Si le renouvellement démographique produit des effets à contre- courant, c’est certainement parce que la sécheresse spirituelle et la caducité des thèmes ressassés depuis de si longues années engendrent un besoin de retour à des conceptions et pratiques plus riches spirituellement.
Le phénomène se manifeste lentement mais sûrement. Les préjugés antérieurs s’érodent : ceux acquis au lendemain de la Deuxième Guerre mondiale au sein des mouvements d’Action catholique et sous l’influence de la sociologie religieuse naissante, ceux issus des illusions démocrates chrétiennes ou du dialogue avec les marxistes, le climat interne de haine idéologique issu de l’époque même du Concile, rien de tout cela n’a de sens aujourd’hui, et seules les pesanteurs bureaucratiques ou les ressentiments devant l’échec des utopies en maintiennent encore les effets. La transformation s’opère soit par sécularisation, perte de tout caractère catholique revendiqué, apostasie individuelle, soit à l’inverse en provoquant une désaffection pour les thèmes idéologiques du passé et un retour au réel. La montée des agressions contre la famille, le constat de la catastrophe éducative, le brutal retour de persécutions ouvertes de la part de l’islamisme et de l’hindouisme achèvent de favoriser ce retour progressif à des perspectives plus traditionnelles, et cela en dépit de tout le déploiement des moyens qui permettent de travestir la réalité et d’interdire le langage de la clarté. Ne va-t-on pas jusqu’à voir réapparaître en France les patronages, méthode pédagogique totalement remisée au cours des décennies antérieures en raison de leur caractère prétendument rétrograde ?

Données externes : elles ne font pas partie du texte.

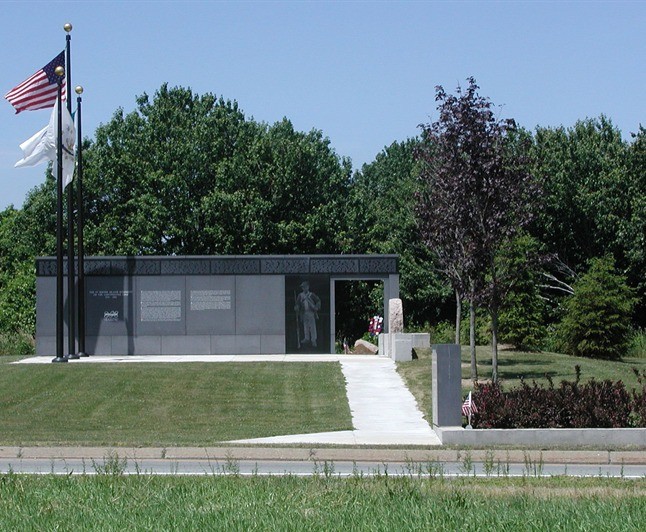 Located in Patriots Park, this monument honors the Black slaves and freemen (as well as Native Americans) who fought in the battle in the 1st Rhode Island Regiment. It was the first American regiment to have Blacks in its ranks.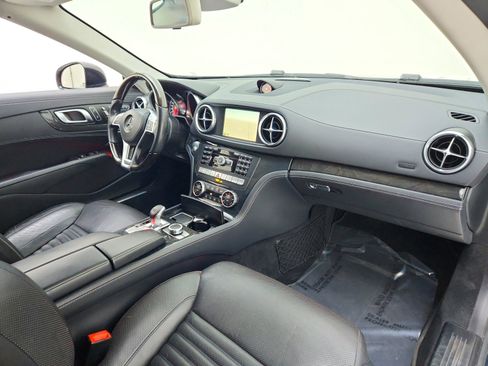 Certified 2016 Mercedes-Benz SL 550 image 27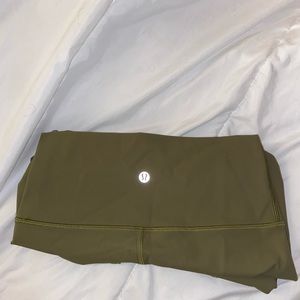 size 4 lululemon olive green leggings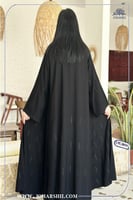 عباية تطريز اسود خطوط من الامام والجنب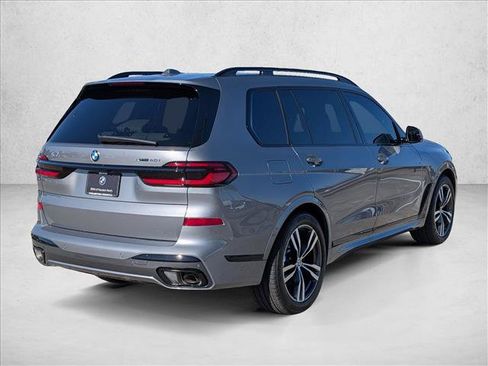 Certified 2026 BMW X7 xDrive40i w/ M Sport Package AWD/4WD image 2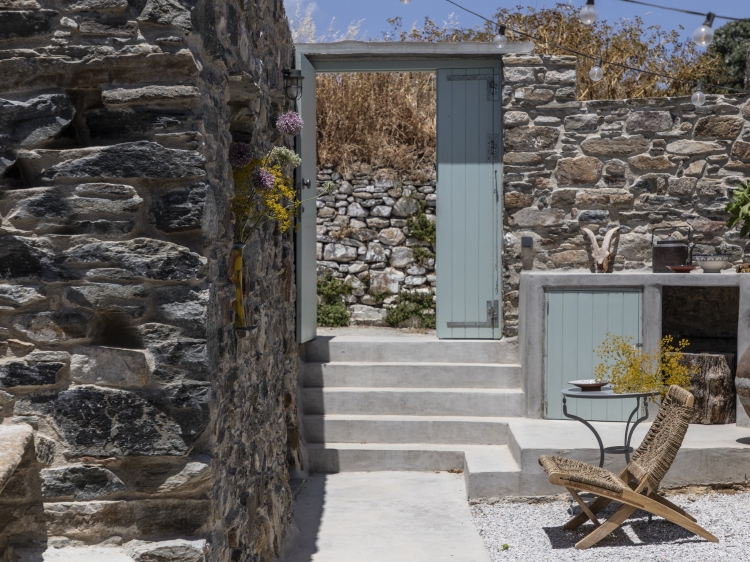 courtyard's entrance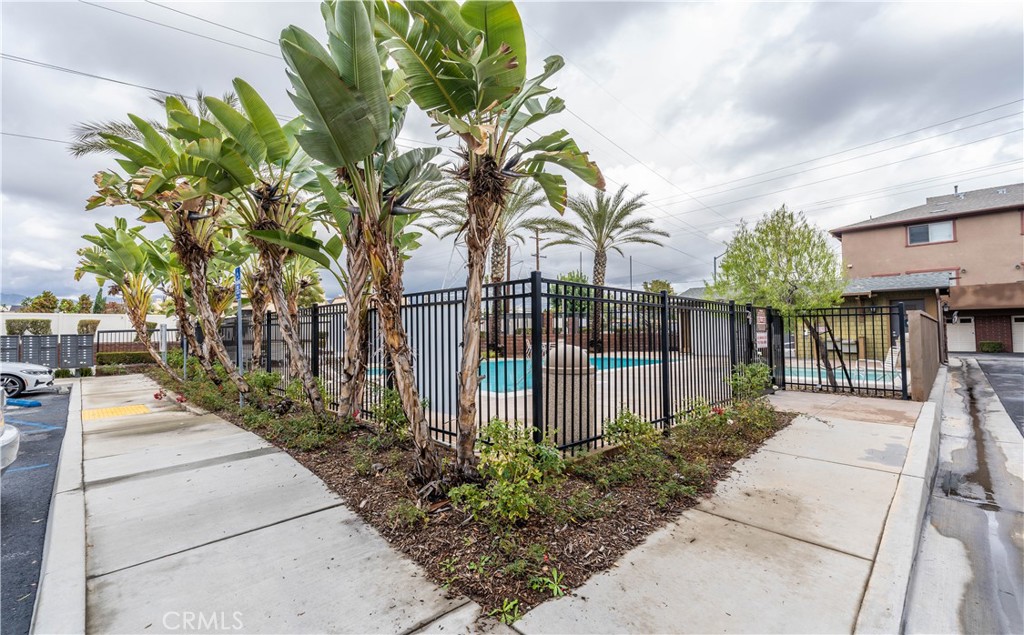 715 S Azusa Avenue C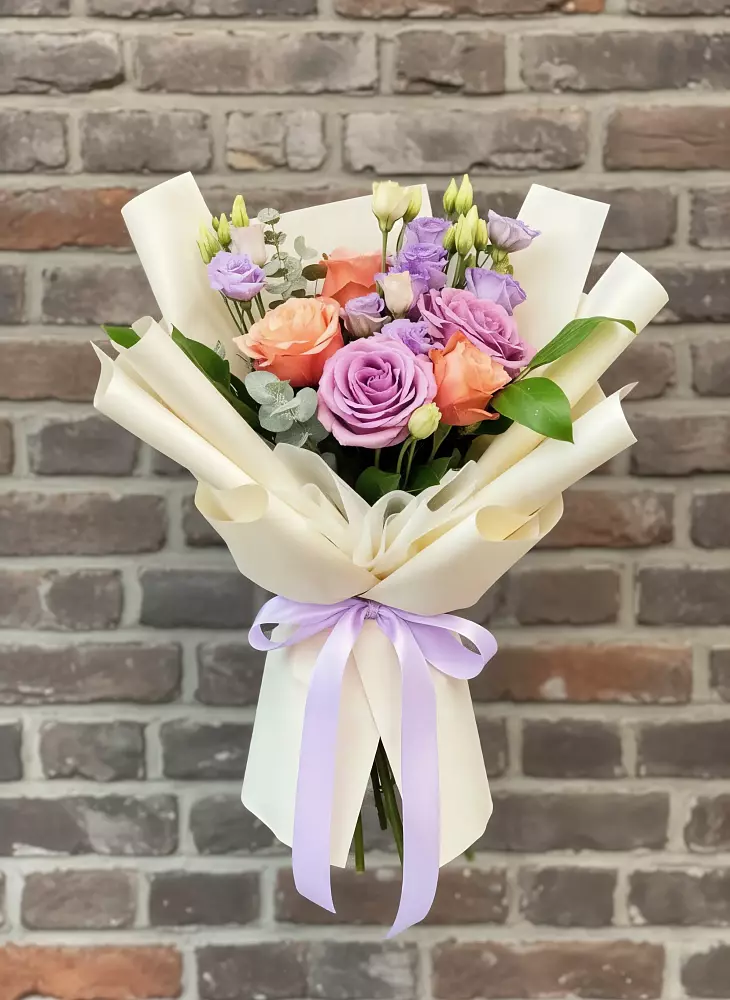 Букет цветов из: Лизиантусы и Розы в Юрцово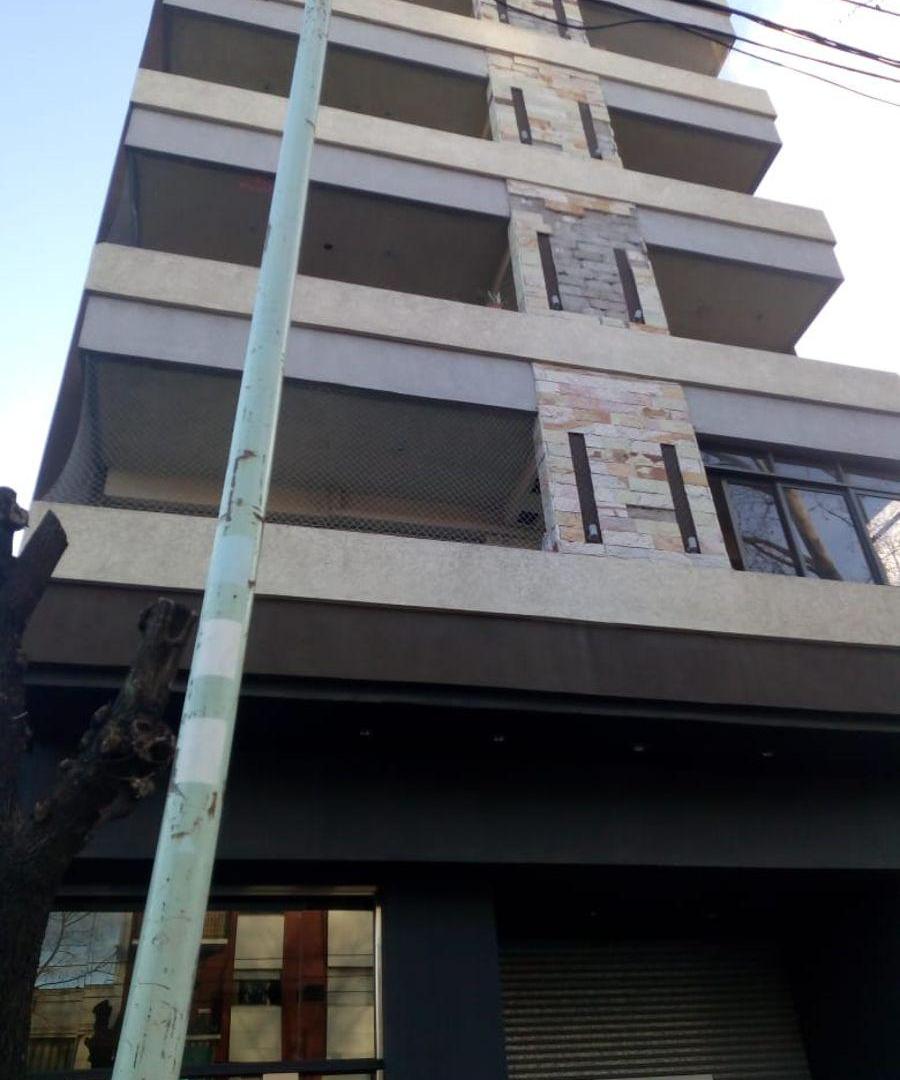 Excelente departamento monoambiente en cuarto piso en Avenida Olivera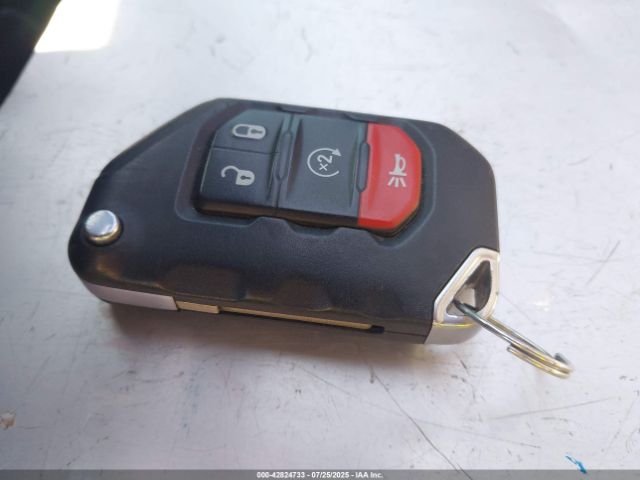 2022 JEEP GLADIATOR 1C6HJTAG4NL135346 Photo 10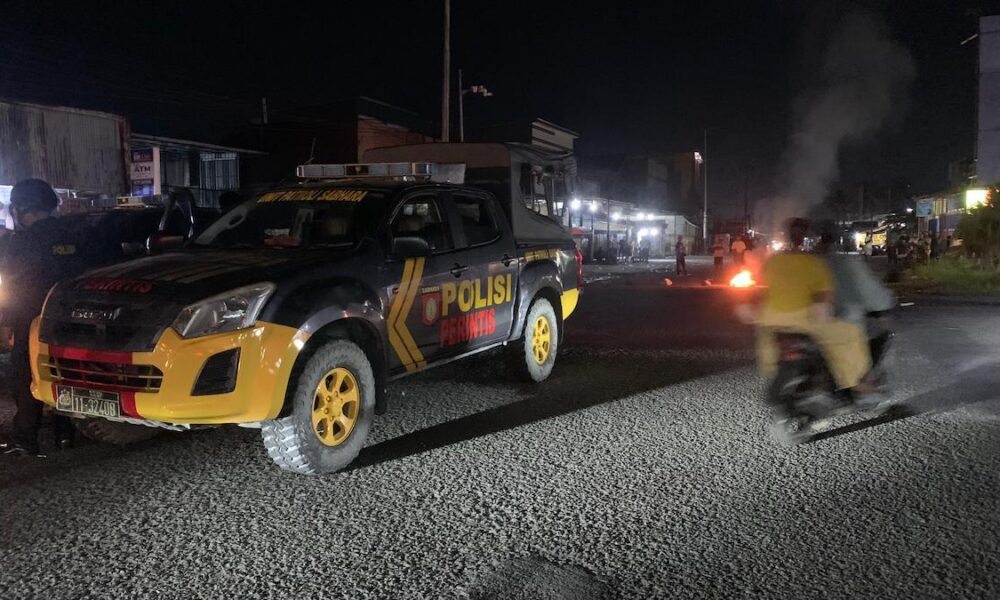 Pendulang emas tradisional tutup jalan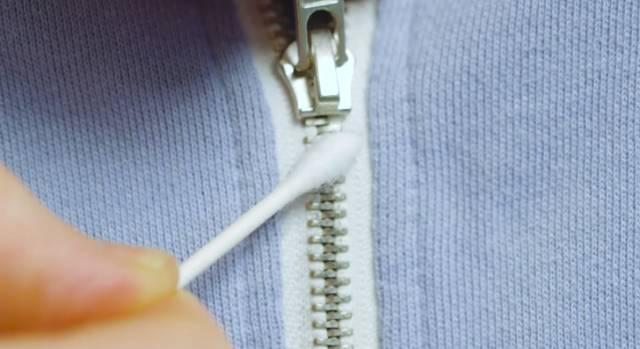 衣服拉鍊壞了別著急換新，只需一根吸管就能修好，真是省錢又實用！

Autre signe de la même tendance : l’apaisement progressif des crispations liturgiques à l’encontre de l’ancien ordo de la messe, le nombre de prêtres nouveaux ouverts à sa célébration, ne serait-ce que de temps à autre, ne cessant de croître quelles que soient les oppositions rencontrées, y compris dans des régions qui ne se sont pas montrées très sensibilisées à ces questions au cours de la période antérieure. Un lent déplacement s’opère d’autant plus dans la discrétion que les sortants disposent des moyens médiatiques et conservent des positions institutionnelles qui leur assurent un droit à la parole disproportionné à ce qu’ils représentent. Il convient donc de ne pas confondre le bruit médiatique auquel s’associent les vétérans d’un progressisme daté et une réalité qui s’éloigne du modèle qui a longtemps prévalu, la rupture se situant avec l’arrivée de Benoît XVI. Il est donc possible de compter sur une désidéologisation du champ religieux prédisposant à la possibilité d’opérer des bilans construc- tifs bien que cette évolution favorise, par compensation, et faute de solides bases dogmatiques, des tendances piétistes. Néanmoins elle a un net effet libérateur.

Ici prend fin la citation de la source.